* _Activity_
Will you write out all the entries below exactly?
-------------------------
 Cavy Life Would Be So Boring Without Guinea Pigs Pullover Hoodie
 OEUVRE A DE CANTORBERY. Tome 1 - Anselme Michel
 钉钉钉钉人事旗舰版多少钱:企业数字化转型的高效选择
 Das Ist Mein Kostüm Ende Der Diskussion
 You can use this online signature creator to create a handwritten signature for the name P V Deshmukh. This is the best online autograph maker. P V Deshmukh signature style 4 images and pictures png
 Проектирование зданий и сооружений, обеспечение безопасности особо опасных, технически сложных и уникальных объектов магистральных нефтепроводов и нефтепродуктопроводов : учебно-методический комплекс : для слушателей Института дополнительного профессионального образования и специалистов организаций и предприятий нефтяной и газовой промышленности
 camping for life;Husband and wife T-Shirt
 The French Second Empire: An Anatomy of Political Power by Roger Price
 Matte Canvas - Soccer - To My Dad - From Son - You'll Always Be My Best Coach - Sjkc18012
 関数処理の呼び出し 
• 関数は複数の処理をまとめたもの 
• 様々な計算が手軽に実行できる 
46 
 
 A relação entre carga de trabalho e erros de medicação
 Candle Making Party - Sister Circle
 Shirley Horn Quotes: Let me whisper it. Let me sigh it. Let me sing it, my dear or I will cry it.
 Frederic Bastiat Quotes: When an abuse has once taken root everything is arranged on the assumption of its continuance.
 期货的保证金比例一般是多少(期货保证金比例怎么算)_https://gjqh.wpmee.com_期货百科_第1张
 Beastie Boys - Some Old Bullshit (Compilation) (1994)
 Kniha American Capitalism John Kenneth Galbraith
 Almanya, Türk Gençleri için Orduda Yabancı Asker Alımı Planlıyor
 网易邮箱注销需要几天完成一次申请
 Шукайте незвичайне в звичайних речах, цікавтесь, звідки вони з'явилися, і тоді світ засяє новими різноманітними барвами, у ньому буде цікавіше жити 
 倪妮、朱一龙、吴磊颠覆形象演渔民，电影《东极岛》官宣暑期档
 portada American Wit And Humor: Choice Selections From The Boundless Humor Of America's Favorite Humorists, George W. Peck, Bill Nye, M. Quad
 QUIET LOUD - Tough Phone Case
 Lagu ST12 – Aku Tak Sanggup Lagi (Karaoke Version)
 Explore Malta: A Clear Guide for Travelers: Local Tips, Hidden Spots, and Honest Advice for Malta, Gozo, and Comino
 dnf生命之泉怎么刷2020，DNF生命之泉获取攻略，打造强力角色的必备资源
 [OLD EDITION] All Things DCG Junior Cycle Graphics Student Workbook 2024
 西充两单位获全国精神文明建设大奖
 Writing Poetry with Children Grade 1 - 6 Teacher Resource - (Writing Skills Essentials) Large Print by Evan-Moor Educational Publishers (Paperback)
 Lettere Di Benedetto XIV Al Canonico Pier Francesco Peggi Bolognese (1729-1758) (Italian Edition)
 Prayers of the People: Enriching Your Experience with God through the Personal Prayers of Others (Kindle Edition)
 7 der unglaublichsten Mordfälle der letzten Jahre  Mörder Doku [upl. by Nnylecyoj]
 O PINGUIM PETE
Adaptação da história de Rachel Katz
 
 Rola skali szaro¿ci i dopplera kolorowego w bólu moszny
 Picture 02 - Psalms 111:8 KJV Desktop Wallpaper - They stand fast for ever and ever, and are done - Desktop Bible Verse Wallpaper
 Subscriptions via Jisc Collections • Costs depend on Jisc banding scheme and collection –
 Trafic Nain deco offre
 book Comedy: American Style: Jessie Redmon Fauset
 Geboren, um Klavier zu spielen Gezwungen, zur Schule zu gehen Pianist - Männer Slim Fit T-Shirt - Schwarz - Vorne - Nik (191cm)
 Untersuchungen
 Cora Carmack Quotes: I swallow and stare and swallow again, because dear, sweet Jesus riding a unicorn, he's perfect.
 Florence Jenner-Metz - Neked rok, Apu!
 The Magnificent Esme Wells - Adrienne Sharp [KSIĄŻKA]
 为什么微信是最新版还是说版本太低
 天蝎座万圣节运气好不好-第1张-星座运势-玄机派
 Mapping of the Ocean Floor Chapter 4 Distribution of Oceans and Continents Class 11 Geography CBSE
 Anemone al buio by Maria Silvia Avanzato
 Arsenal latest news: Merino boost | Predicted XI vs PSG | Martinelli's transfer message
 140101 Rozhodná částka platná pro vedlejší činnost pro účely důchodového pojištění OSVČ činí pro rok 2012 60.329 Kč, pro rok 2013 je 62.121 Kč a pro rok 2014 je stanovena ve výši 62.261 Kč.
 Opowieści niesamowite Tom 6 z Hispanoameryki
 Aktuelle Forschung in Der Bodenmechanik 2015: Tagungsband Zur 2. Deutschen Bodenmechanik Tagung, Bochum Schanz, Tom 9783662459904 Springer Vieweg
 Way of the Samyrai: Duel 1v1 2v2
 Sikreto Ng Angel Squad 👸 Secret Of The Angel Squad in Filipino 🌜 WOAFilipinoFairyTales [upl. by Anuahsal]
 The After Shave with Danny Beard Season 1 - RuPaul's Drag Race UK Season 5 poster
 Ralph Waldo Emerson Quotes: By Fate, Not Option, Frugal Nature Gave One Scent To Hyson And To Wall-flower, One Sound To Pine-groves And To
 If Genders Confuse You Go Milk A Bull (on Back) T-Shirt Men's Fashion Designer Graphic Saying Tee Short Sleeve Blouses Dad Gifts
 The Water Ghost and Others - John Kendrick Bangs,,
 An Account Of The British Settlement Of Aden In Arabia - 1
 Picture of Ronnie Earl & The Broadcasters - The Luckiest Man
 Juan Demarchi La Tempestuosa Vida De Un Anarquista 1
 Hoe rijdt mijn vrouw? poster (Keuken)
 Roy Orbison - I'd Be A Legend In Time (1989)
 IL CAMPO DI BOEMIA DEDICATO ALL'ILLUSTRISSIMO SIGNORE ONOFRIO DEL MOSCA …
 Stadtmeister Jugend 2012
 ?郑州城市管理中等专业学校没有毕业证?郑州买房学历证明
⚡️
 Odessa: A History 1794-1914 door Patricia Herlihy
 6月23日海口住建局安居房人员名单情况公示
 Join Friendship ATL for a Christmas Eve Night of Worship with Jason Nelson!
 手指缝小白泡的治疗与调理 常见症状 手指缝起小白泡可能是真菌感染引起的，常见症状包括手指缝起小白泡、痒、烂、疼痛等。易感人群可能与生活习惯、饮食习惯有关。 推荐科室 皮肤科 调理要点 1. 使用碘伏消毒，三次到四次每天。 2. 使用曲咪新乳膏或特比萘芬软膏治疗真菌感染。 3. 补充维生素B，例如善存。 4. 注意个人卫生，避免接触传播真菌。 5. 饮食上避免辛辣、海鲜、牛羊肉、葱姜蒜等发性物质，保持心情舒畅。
-------------------------
* _The answer_
 Cavy Life Would Be So Boring Without Guinea Pigs Pullover Hoodie
 OEUVRE A DE CANTORBERY. Tome 1 - Anselme Michel
 钉钉钉钉人事旗舰版多少钱:企业数字化转型的高效选择
 Das Ist Mein Kostüm Ende Der Diskussion
 You can use this online signature creator to create a handwritten signature for the name P V Deshmukh. This is the best online autograph maker. P V Deshmukh signature style 4 images and pictures png
 Проектирование зданий и сооружений, обеспечение безопасности особо опасных, технически сложных и уникальных объектов магистральных нефтепроводов и нефтепродуктопроводов : учебно-методический комплекс : для слушателей Института дополнительного профессионального образования и специалистов организаций и предприятий нефтяной и газовой промышленности
 camping for life;Husband and wife T-Shirt
 The French Second Empire: An Anatomy of Political Power by Roger Price
 Matte Canvas - Soccer - To My Dad - From Son - You'll Always Be My Best Coach - Sjkc18012
 関数処理の呼び出し 
• 関数は複数の処理をまとめたもの 
• 様々な計算が手軽に実行できる 
46 
 
 A relação entre carga de trabalho e erros de medicação
 Candle Making Party - Sister Circle
 Shirley Horn Quotes: Let me whisper it. Let me sigh it. Let me sing it, my dear or I will cry it.
 Frederic Bastiat Quotes: When an abuse has once taken root everything is arranged on the assumption of its continuance.
 期货的保证金比例一般是多少(期货保证金比例怎么算)_https://gjqh.wpmee.com_期货百科_第1张
 Beastie Boys - Some Old Bullshit (Compilation) (1994)
 Kniha American Capitalism John Kenneth Galbraith
 Almanya, Türk Gençleri için Orduda Yabancı Asker Alımı Planlıyor
 网易邮箱注销需要几天完成一次申请
 Шукайте незвичайне в звичайних речах, цікавтесь, звідки вони з'явилися, і тоді світ засяє новими різноманітними барвами, у ньому буде цікавіше жити 
 倪妮、朱一龙、吴磊颠覆形象演渔民，电影《东极岛》官宣暑期档
 portada American Wit And Humor: Choice Selections From The Boundless Humor Of America's Favorite Humorists, George W. Peck, Bill Nye, M. Quad
 QUIET LOUD - Tough Phone Case
 Lagu ST12 – Aku Tak Sanggup Lagi (Karaoke Version)
 Explore Malta: A Clear Guide for Travelers: Local Tips, Hidden Spots, and Honest Advice for Malta, Gozo, and Comino
 dnf生命之泉怎么刷2020，DNF生命之泉获取攻略，打造强力角色的必备资源
 [OLD EDITION] All Things DCG Junior Cycle Graphics Student Workbook 2024
 西充两单位获全国精神文明建设大奖
 Writing Poetry with Children Grade 1 - 6 Teacher Resource - (Writing Skills Essentials) Large Print by Evan-Moor Educational Publishers (Paperback)
 Lettere Di Benedetto XIV Al Canonico Pier Francesco Peggi Bolognese (1729-1758) (Italian Edition)
 Prayers of the People: Enriching Your Experience with God through the Personal Prayers of Others (Kindle Edition)
 7 der unglaublichsten Mordfälle der letzten Jahre  Mörder Doku [upl. by Nnylecyoj]
 O PINGUIM PETE
Adaptação da história de Rachel Katz
 
 Rola skali szaro¿ci i dopplera kolorowego w bólu moszny
 Picture 02 - Psalms 111:8 KJV Desktop Wallpaper - They stand fast for ever and ever, and are done - Desktop Bible Verse Wallpaper
 Subscriptions via Jisc Collections • Costs depend on Jisc banding scheme and collection –
 Trafic Nain deco offre
 book Comedy: American Style: Jessie Redmon Fauset
 Geboren, um Klavier zu spielen Gezwungen, zur Schule zu gehen Pianist - Männer Slim Fit T-Shirt - Schwarz - Vorne - Nik (191cm)
 Untersuchungen
 Cora Carmack Quotes: I swallow and stare and swallow again, because dear, sweet Jesus riding a unicorn, he's perfect.
 Florence Jenner-Metz - Neked rok, Apu!
 The Magnificent Esme Wells - Adrienne Sharp [KSIĄŻKA]
 为什么微信是最新版还是说版本太低
 天蝎座万圣节运气好不好-第1张-星座运势-玄机派
 Mapping of the Ocean Floor Chapter 4 Distribution of Oceans and Continents Class 11 Geography CBSE
 Anemone al buio by Maria Silvia Avanzato
 Arsenal latest news: Merino boost | Predicted XI vs PSG | Martinelli's transfer message
 140101 Rozhodná částka platná pro vedlejší činnost pro účely důchodového pojištění OSVČ činí pro rok 2012 60.329 Kč, pro rok 2013 je 62.121 Kč a pro rok 2014 je stanovena ve výši 62.261 Kč.
 Opowieści niesamowite Tom 6 z Hispanoameryki
 Aktuelle Forschung in Der Bodenmechanik 2015: Tagungsband Zur 2. Deutschen Bodenmechanik Tagung, Bochum Schanz, Tom 9783662459904 Springer Vieweg
 Way of the Samyrai: Duel 1v1 2v2
 Sikreto Ng Angel Squad 👸 Secret Of The Angel Squad in Filipino 🌜 WOAFilipinoFairyTales [upl. by Anuahsal]
 The After Shave with Danny Beard Season 1 - RuPaul's Drag Race UK Season 5 poster
 Ralph Waldo Emerson Quotes: By Fate, Not Option, Frugal Nature Gave One Scent To Hyson And To Wall-flower, One Sound To Pine-groves And To
 If Genders Confuse You Go Milk A Bull (on Back) T-Shirt Men's Fashion Designer Graphic Saying Tee Short Sleeve Blouses Dad Gifts
 The Water Ghost and Others - John Kendrick Bangs,,
 An Account Of The British Settlement Of Aden In Arabia - 1
 Picture of Ronnie Earl & The Broadcasters - The Luckiest Man
 Juan Demarchi La Tempestuosa Vida De Un Anarquista 1
 Hoe rijdt mijn vrouw? poster (Keuken)
 Roy Orbison - I'd Be A Legend In Time (1989)
 IL CAMPO DI BOEMIA DEDICATO ALL'ILLUSTRISSIMO SIGNORE ONOFRIO DEL MOSCA …
 Stadtmeister Jugend 2012
 ?郑州城市管理中等专业学校没有毕业证?郑州买房学历证明
⚡️
 Odessa: A History 1794-1914 door Patricia Herlihy
 6月23日海口住建局安居房人员名单情况公示
 Join Friendship ATL for a Christmas Eve Night of Worship with Jason Nelson!
 手指缝小白泡的治疗与调理 常见症状 手指缝起小白泡可能是真菌感染引起的，常见症状包括手指缝起小白泡、痒、烂、疼痛等。易感人群可能与生活习惯、饮食习惯有关。 推荐科室 皮肤科 调理要点 1. 使用碘伏消毒，三次到四次每天。 2. 使用曲咪新乳膏或特比萘芬软膏治疗真菌感染。 3. 补充维生素B，例如善存。 4. 注意个人卫生，避免接触传播真菌。 5. 饮食上避免辛辣、海鲜、牛羊肉、葱姜蒜等发性物质，保持心情舒畅。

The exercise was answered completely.